Sonics owner scores in judge's pretrial rulings
Judge agrees to weigh evidence of efforts to reach a local arena deal and of "dysfunction" between the city and team; author can testify for city.
Seattle Times staff reporter
A federal judge handed Sonics owner Clay Bennett some early legal victories Monday, denying several motions by the city of Seattle to limit evidence Bennett's attorneys can use at trial.
U.S. District Judge Marsha Pechman ruled that, when the trial starts next Monday, the Sonics can offer evidence of the time and money Bennett spent trying to secure a local arena deal as part of its defense.
The city is suing the Sonics to try to keep the team at KeyArena through the end of its lease in September 2010.
Sonics' attorneys also can introduce evidence of "dysfunction" between the city and team, as well as a January poll that showed two-thirds of Seattle-area residents wouldn't care if the team leaves for Oklahoma City.
Pechman did grant the city one small victory — ruling that author Sherman Alexie can testify as a witness in the June 16 trial. Alexie, winner of the National Book Award, is a Sonics season-ticket holder who is expected to testify on the team's importance to Seattle.
However, KJR radio host Mitch Levy cannot testify because the city added him to the witness list too late, Pechman ruled.

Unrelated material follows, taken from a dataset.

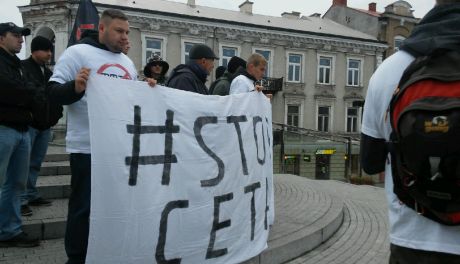 Stop CETA! Manifestacja Młodzieży Wszechpolskiej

Sonics' attorneys will also be allowed to present evidence of what they've called "a Machiavellian plan" by city leaders to pressure Bennett's ownership group, the Professional Basketball Club (PBC), into selling the team to local investors led by Microsoft CEO Steve Ballmer.
The outcome of the six-day trial will be decided by Pechman, with no jury.
Bennett is arguing the Sonics should be allowed to leave sooner in exchange for a cash settlement. He offered $26.5 million to the city in February but was rejected.
Although Pechman's ruling Monday grants the Sonics' attorneys a broader palette of evidence and arguments for the trial, strict time limits should encourage both sides to avoid getting sidetracked.
Each side in the trial will be "on the clock" — getting exactly 15 hours over six days to present opening and closing arguments, witnesses and evidence.
"PBC may determine which evidence it chooses to present within the structure of the timed-trial," Pechman wrote in her ruling Monday.
The ultimate impact of Pechman's pretrial rulings was not clear.
Paul Lawrence, an attorney for the city, said Pechman did not signal that she'd lend any credence to the Sonics' arguments or evidence. "She just said use your time as you see fit," Lawrence said.
A spokesman for Bennett said his attorneys would have no comment.
The main issue in the lawsuit is whether the city can enforce the "specific performance" clause in its KeyArena lease.
That clause means the team must play all home games at KeyArena through the end of the lease — something a cash buyout cannot make up for, the city argues.
But Sonics' attorneys have argued that forcing the team to endure two more lame-duck seasons would be unfair, and that the team should be allowed to pay a cash settlement to relocate to Oklahoma City.
The team estimates it would lose more than $61 million if forced to play out those final two years under the KeyArena lease. The team estimates it could make a profit of $19 million over the same period in Oklahoma City.